Dataset items:

##############################

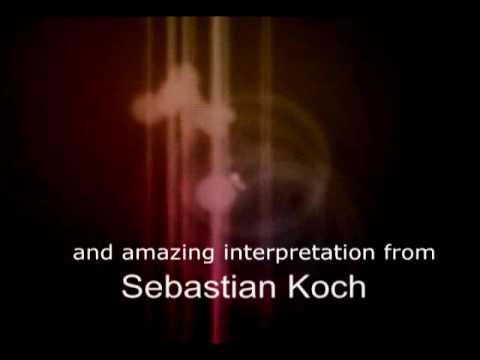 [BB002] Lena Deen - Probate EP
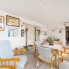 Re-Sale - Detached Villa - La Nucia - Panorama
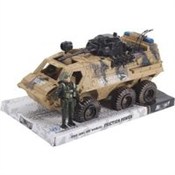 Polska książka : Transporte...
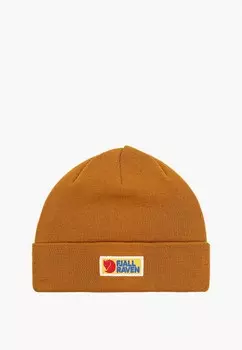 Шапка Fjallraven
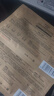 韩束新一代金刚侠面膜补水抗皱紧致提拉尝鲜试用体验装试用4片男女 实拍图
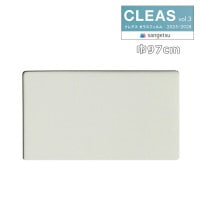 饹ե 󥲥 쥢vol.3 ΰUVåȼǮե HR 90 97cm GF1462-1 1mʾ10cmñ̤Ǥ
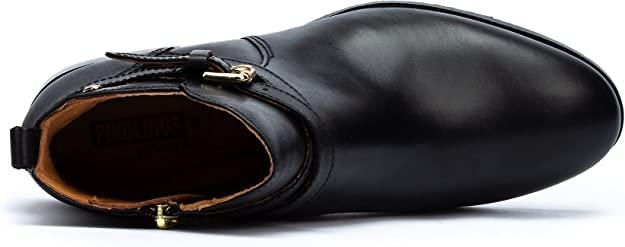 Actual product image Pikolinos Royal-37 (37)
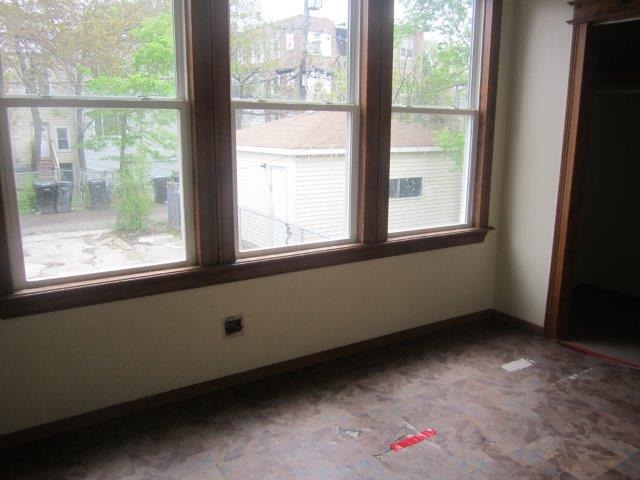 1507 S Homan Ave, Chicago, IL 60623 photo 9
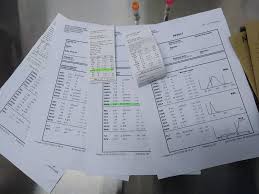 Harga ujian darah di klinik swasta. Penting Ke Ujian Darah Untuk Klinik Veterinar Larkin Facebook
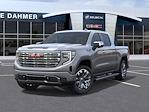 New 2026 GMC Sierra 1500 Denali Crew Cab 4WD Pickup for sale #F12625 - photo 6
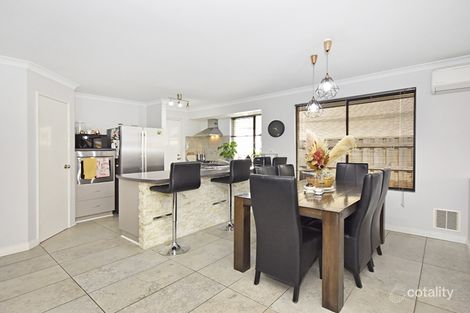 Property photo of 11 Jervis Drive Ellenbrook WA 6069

##############################

Give the entries above again exactly, minus their pictures.

▶ [RESPONSE]
 [BB002] Lena Deen - Probate EP
 Re-Sale - Detached Villa - La Nucia - Panorama
 Polska książka : Transporte...
 Шапка Fjallraven
 韩束新一代金刚侠面膜补水抗皱紧致提拉尝鲜试用体验装试用4片男女 实拍图
 饹ե 󥲥 쥢vol.3 ΰUVåȼǮե HR 90 97cm GF1462-1 1mʾ10cmñ̤Ǥ
 Actual product image Pikolinos Royal-37 (37)
 1507 S Homan Ave, Chicago, IL 60623 photo 9
 Harga ujian darah di klinik swasta. Penting Ke Ujian Darah Untuk Klinik Veterinar Larkin Facebook
 New 2026 GMC Sierra 1500 Denali Crew Cab 4WD Pickup for sale #F12625 - photo 6
 Property photo of 11 Jervis Drive Ellenbrook WA 6069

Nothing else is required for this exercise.